Your goal
Begin at the line below that has "1823 N East Avenue, York, NE 68467" and stop after the line that has "coach4949's tweet image.". Please restate only those lines, word for word.
··· Data extract
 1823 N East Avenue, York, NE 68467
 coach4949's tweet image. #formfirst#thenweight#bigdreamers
······
··· Data extract
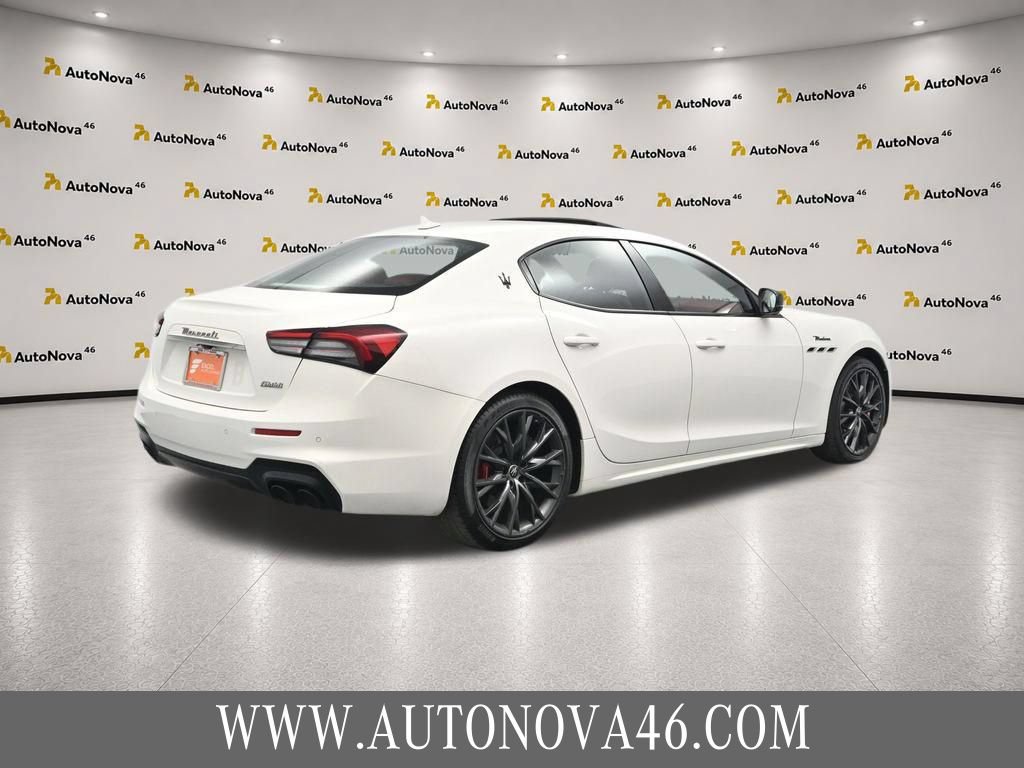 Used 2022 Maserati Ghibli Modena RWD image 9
······
Response to this exercise
 1823 N East Avenue, York, NE 68467
 coach4949's tweet image. #formfirst#thenweight#bigdreamers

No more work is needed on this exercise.